DATA SEGMENT:
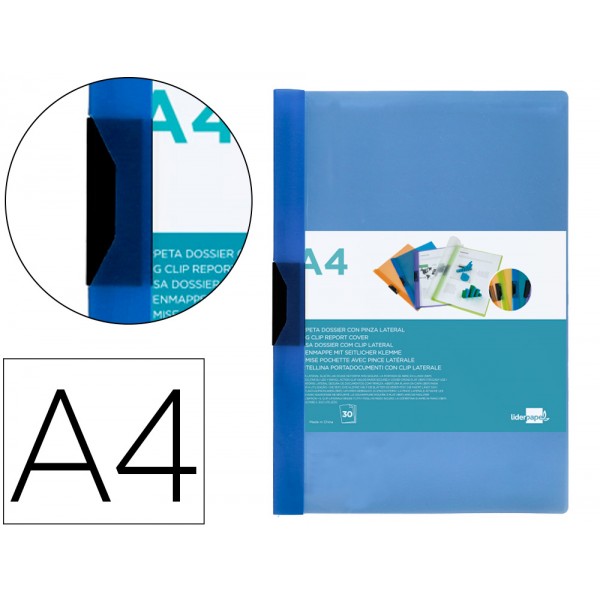 Bolsa dossier liderpapel com clip lateral din a4 azul 30 folhas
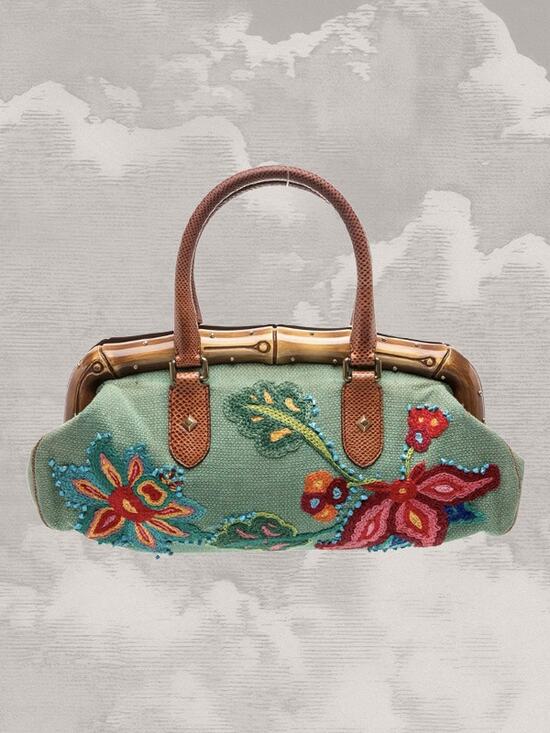 Gucci Handbags - GUCCI Tom Ford 2004 Archival Limited Edition Vintage Embroidered Bamboo Bag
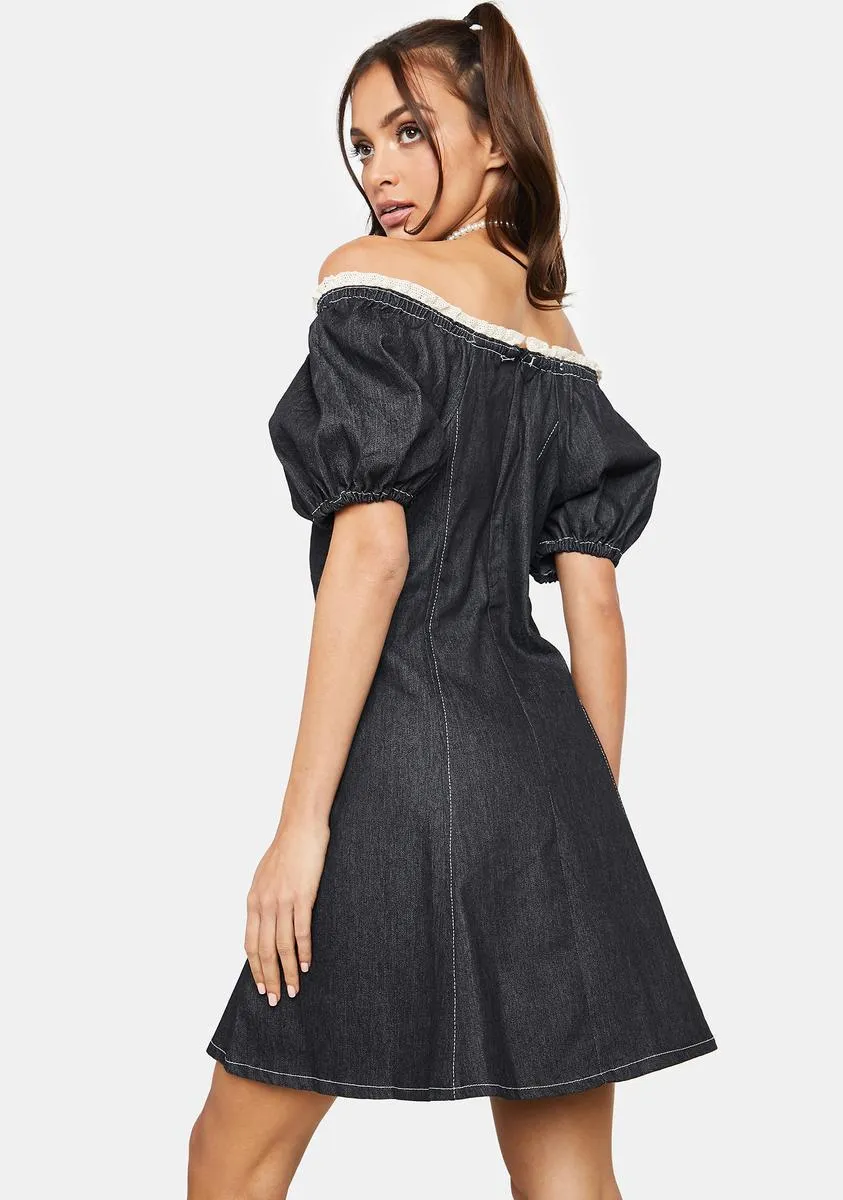 Charcoal Don't Be Tardy Denim Mini Dress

EXERCISE OBJECTIVE: For this exercise, write the listing out again exactly, excluding all images.

TASK ANSWER:
 Bolsa dossier liderpapel com clip lateral din a4 azul 30 folhas
 Gucci Handbags - GUCCI Tom Ford 2004 Archival Limited Edition Vintage Embroidered Bamboo Bag
 Charcoal Don't Be Tardy Denim Mini Dress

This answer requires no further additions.